Aus fünf Straßenschluchten, Schupo Peschke, stürzt in Flut und Ebbe Berlin auf deine Insel zu: Tuten und Surren weißäugiger Wagenburgen, schwärzliche Ameisenzüge von Fußgängern, wanderndes Pilzgewimmel von Regenschirmen über feucht spiegelnden Asphalt.
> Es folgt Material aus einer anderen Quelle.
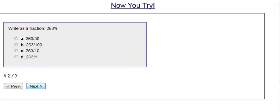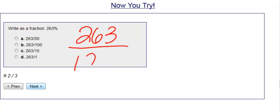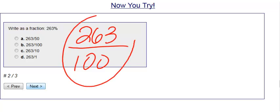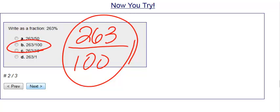Number two, we have 263 percent. So we take the percentage, whatever it is, and put it over 100. Now if I can simplify, I simplify. In this case we cannot. Nothing goes into the top and the bottom for me to simplify this, so we just get an answer of 263 over 100, which is choice B. So if you can simplify, simplify. If you can't, that is your answer.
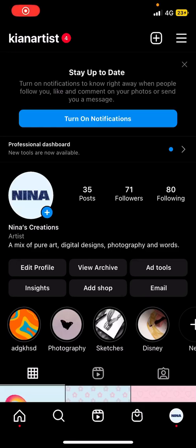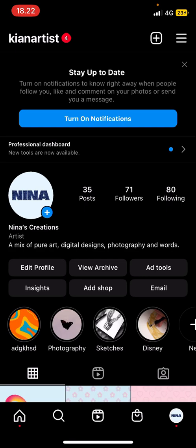Hey guys, and welcome back to this channel. In this video, I will be showing you guys how you can sort comments on Instagram, like on your Instagram post. It is actually super simple to do.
Um dich, Friedrich Peschke, dreht sich das ewige Lichterkarussell. Um dich dreht sich Berlin. Berlin nimmt kein Ende. Du hebst den rechten Armstulp und gebietest Berlin. Und bist doch nur ein Schupo – ein junger Schupo – untersetzt und stämmig – humoristisch zwinkernd das runde, bartlose Gesicht unter dem Tschako.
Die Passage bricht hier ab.